If you've seen Frisky and Mannish before, you won't be surprised to hear that they left the Komedia audience breathless on Sunday. A cabaret phenomenon with a growing reputation, to see them is to adore them. They are an act that you introduce friends to and those friends are always delighted. They are a joy.

But to the uninitiated it can be hard to convey exactly what makes Frisky and Mannish such a source of pure pleasure. They are so much more than the sum of their parts. A double act who perform pop parodies? Yes, but it's more than that. The performances and musicality are so very good. The impressions are skilful. But, to leave it at that is still to undersell what makes them so special: Frisky and Mannish are fun, but it is very clever fun indeed.

The title School of Pop is not just a moniker that has been slapped on for the sake of it; it really does define this show. The real joy of Frisky and Mannish is that they engage with their material at an intellectual level.

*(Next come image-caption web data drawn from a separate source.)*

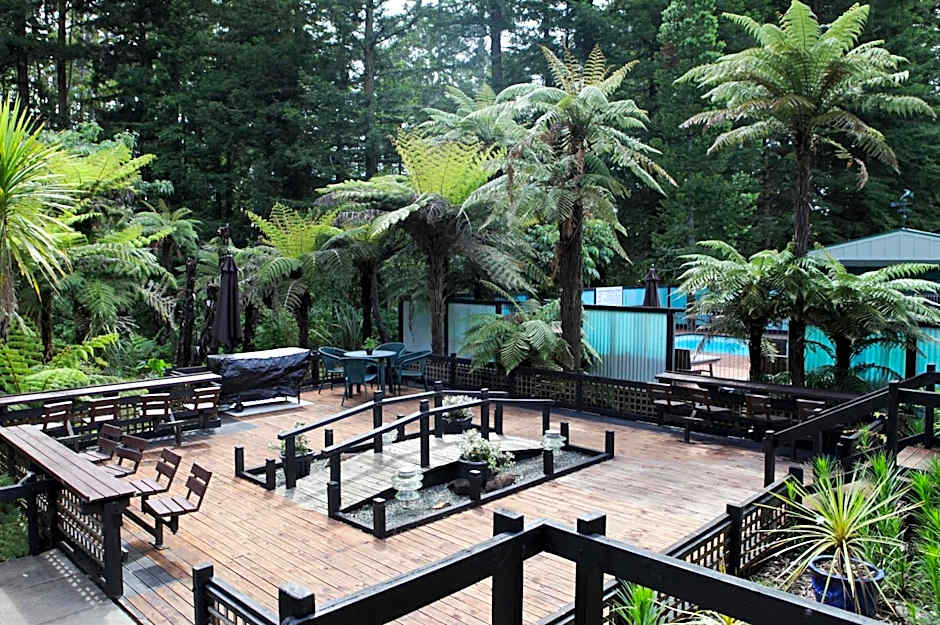 Woodlands Motel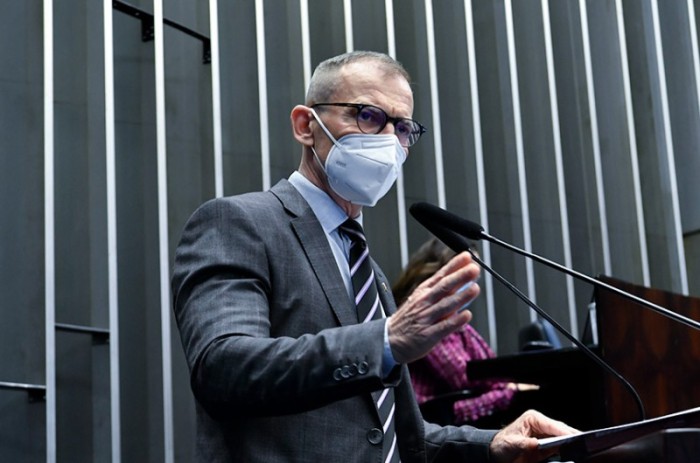 Para o senador Fabiano Contarato (Rede-ES), esse gesto demonstra apreço pelas defensorias e os defensores públicos do País e a sua devida valorização - Waldemir Barreto/Agência Senado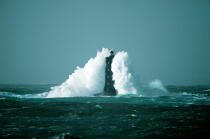 Le phare du Four © Philip Plisson / Plisson La Trinité / AA00005 - Nos reportages photos - Mer agitée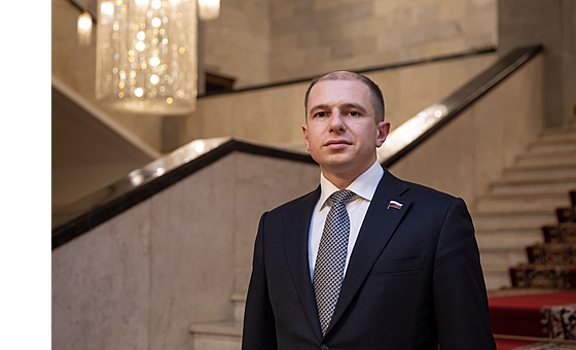 Депутат Романов: новый антисанкционный пакет законов защитит экономику России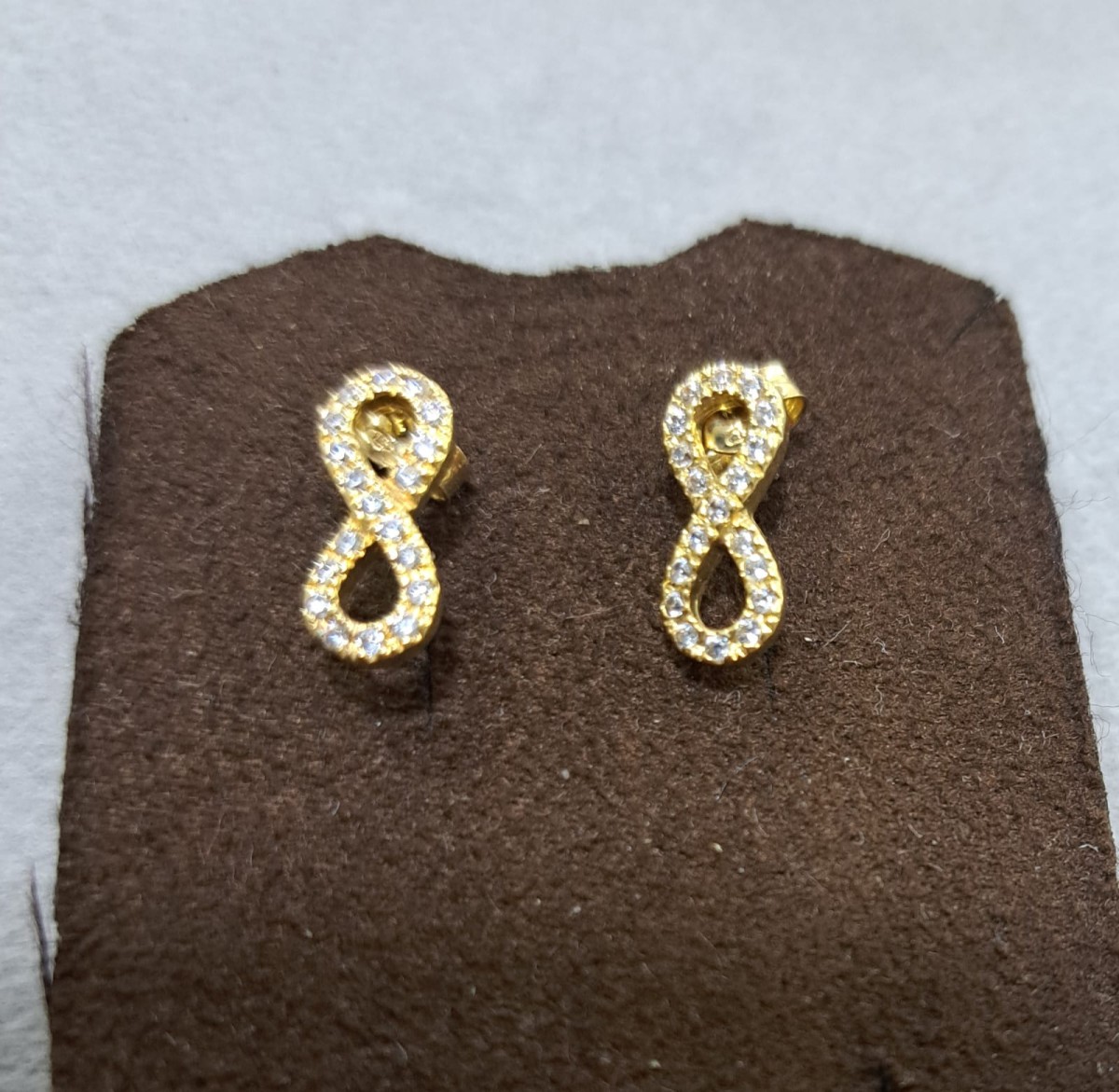 Orecchini con pendenti ovali in oro 18kt. ref.OD205  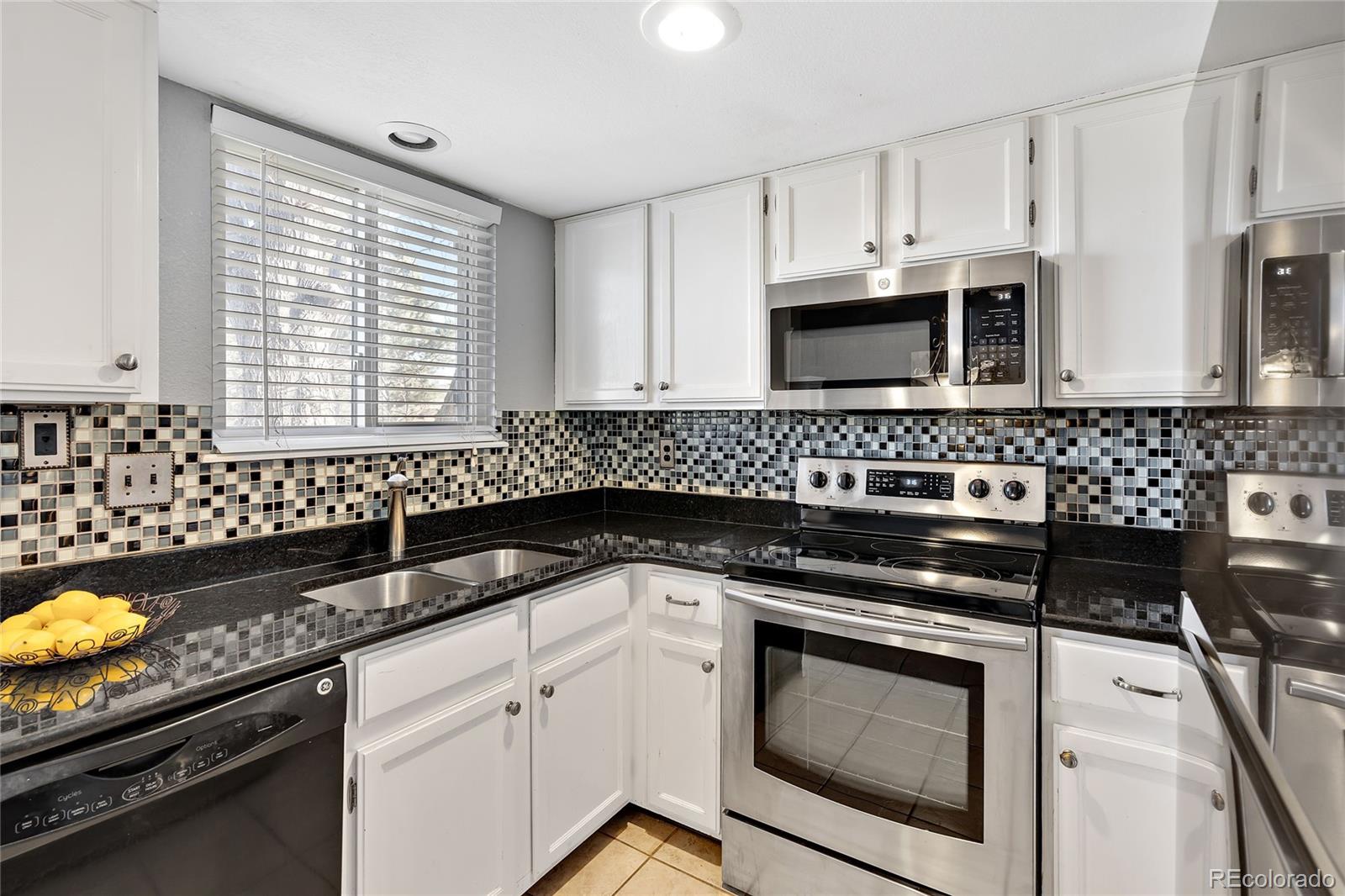 4115 South Rifle Way Aurora, CO 80013 - Photo 14 of 36 Gallery Image 14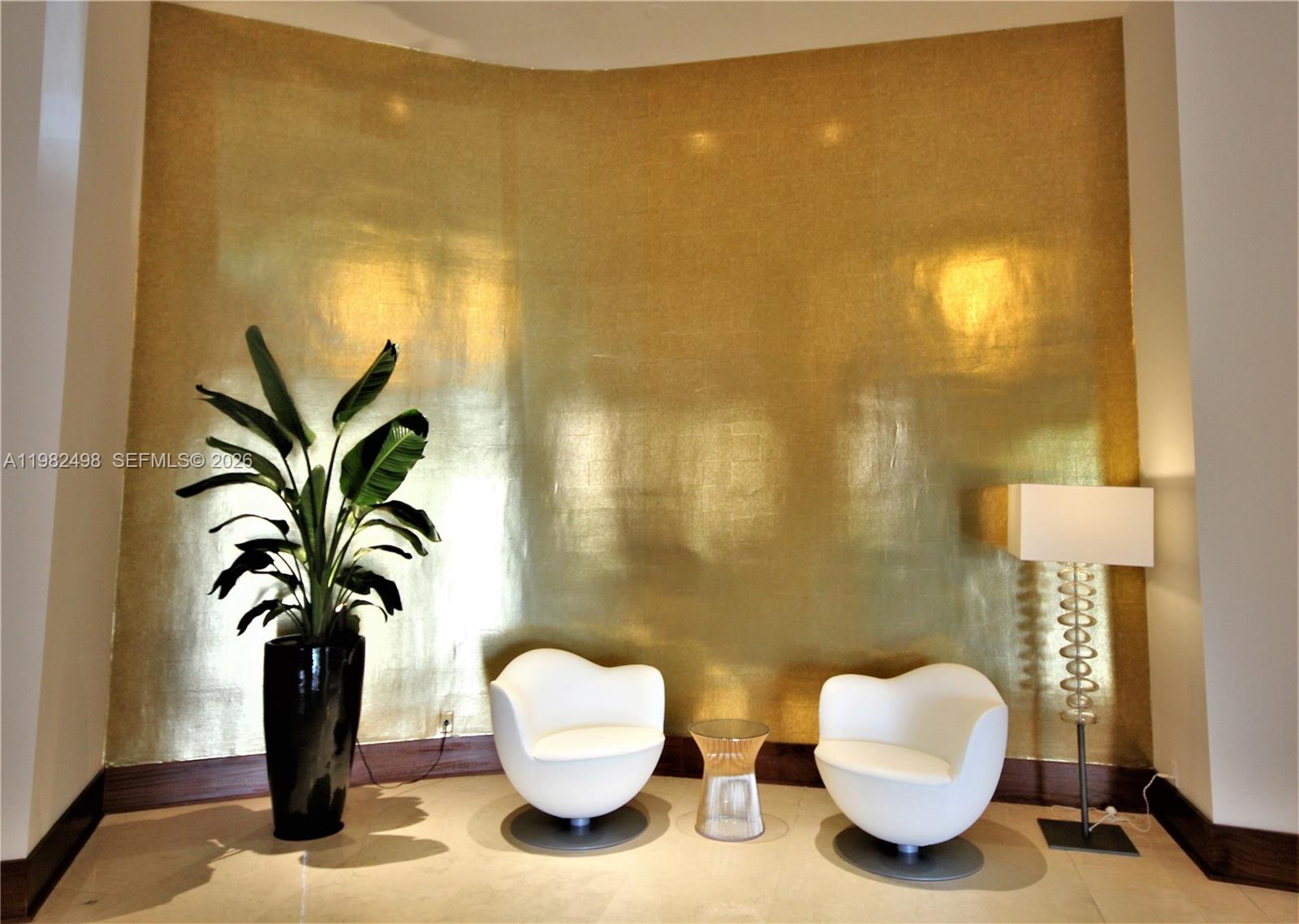 5161 Collins Ave #1004 Miami Beach, FL 33140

You don't have to go there with them; you can just enjoy the show for its silliness. But if you want to delve deeper you can find a mine of material about the history of pop and the self-reflexivity in popular culture.

Of course they’re joking when they say that Ovid is to Ted Hughes as end-of-the-pier Vaudeville is to The Pussycat Dolls – but not entirely. When they sing a Kate Bush number in the style of Kate Nash, they are saying something about both these female singer-songwriters and the types of preoccupations that inform them. When Lily Allen debates singing style with Noel Coward it's very funny; and the culmination, Lily's version of I've Been to a Marvellous Party sung in her trademark 'laconic' style, is perfectly rendered.  But it is also saying something about different kinds of artifice in singing styles.

Don't let all this make you think Frisky and Mannish are hard work. During the show I just laughed and laughed – the deeper ideas are there if your after-show pub debate requires them. Or you can just amuse yourself by singing Eternal Flame in the style of a stalker.

School of Pop is a hugely exciting and rewarding show. And watching Frisky and Mannish today, you get the distinct impression you are watching the early career of an act that is going to be very, very famous indeed. They really are that good.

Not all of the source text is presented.